> Built for laptops with soldered memory and no upgrade path. If you have an RTX card sitting there with 8GB of VRAM and you're getting swapped to SSD, this puts that VRAM to work.
Well, that does at least answer my immediate question about why I would ever swap from expensive RAM to really expensive RAM:) Feels niche, but when you want it it's a good idea.
Another possible reason that occurred to me: what if you have VRAM but you're not using it all the time? For example, let's say you bought a GPU because you like to play video games. When you're not actively gaming, you probably don't need 16 GB of VRAM just to render the desktop. Might as well use it for something else, right?
Edit: Although, this is predicated on the system being able to release VRAM that is acting as swap when it's time to start a game. Can it do that?
It's easy enough to 'offline' swap space on Linux normally so I suspect that would work fine, as long as you didn't instantly run out of RAM when doing so.
For windows I saw something similar to this years ago. An experimental proof of concept driver that allows the creation of a ram drive from vram for NVIDIA cards. Sequential is fast as you'd expect, random has lots of room for improvement.
Gen 4.0 x16 is 32 GB/s in each direction, but the way this is implemented is not the way you'd go about this if you wanted high performance.
Edit: Their benchmarks are also run using ZRAM, which compresses pages before writing to swap. Not sure what the performance overhead of that is, but it's probably quite a bit.
First of all, it's a userspace program hooking the nbd driver, which is known for being slow. It also uses a bounce buffer in userspace before transferring to the GPU. So when the kernel needs to swap a page, it has to first copy it into a userspace facing buffer. The userspace program that has to wake back up and issue the cuda operation to copy the page into device memory.
nbd also doesn't really do a good job of supporting high queue depth or merging adjacent accesses. So if the kernel is issuing a bunch of 4K page swaps without any coalescing, you're going to end up with at least million kernel/userspace context switches per second just to handle 4 GB/s (4 GB / 4K page), let alone 64 GB/s. And that's just the NBD portion, forget the mess that is the NVIDIA driver. PCIe can move a lot of data, but in order to get anything even resembling the full bandwidth, you have to have use DMA engines with long page lists. Having to set up a transfer for every 4K page over PCIe will not reach full saturation of the bus.
Swapping to NVMe is a very optimized path -> the swapper can submit lists of pages directly to the NVMe driver and the controller can DMA them directly out of RAM, no copies or context switches CPU side at all.
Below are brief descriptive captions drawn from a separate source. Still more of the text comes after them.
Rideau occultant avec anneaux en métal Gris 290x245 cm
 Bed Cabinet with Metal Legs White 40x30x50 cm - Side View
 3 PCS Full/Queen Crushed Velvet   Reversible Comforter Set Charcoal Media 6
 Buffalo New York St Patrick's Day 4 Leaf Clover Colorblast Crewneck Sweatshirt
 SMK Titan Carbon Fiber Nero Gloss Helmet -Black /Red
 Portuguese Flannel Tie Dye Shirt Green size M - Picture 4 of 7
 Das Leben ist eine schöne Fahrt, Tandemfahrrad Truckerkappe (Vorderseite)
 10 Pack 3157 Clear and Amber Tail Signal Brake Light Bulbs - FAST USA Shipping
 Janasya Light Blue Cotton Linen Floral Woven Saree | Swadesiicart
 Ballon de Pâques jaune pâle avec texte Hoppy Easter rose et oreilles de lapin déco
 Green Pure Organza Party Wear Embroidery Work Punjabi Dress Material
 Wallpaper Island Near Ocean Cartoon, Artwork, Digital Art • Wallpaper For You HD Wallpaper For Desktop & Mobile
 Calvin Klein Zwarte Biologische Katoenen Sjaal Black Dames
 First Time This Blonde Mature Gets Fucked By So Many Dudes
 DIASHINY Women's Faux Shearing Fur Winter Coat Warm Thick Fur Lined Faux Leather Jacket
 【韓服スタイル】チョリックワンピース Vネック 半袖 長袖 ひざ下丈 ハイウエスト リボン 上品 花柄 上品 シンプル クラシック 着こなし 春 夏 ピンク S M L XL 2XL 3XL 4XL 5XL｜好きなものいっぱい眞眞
This could probably be improved by migrating to the ublk driver as it might let you avoid the userspace bounce buffer. It'd also be able to have multiple write queues to at least set up CUDA copies in parallel.
It's fine for dense models where you need them in VRAM, less so for MoE where you're offloading layers to ram. But 32/32 is pretty good for both in the popular ~30b range right now.
I remember this being a thing done a while back using linux's MTD/phram drivers - https://wiki.archlinux.org/title/Swap_on_video_RAM - not sure if that's still relevant though as I don't know how it'll interact with DRM and how it handles reserving some of the vram - the suggested limit using xorg.conf is probably pretty obsolete now.
That page also has a fuse filesystem implementation on top of opencl - https://github.com/Overv/vramfs - which may be more compatible.
Remember how 16GBs used to be an enterprise level database mainframe?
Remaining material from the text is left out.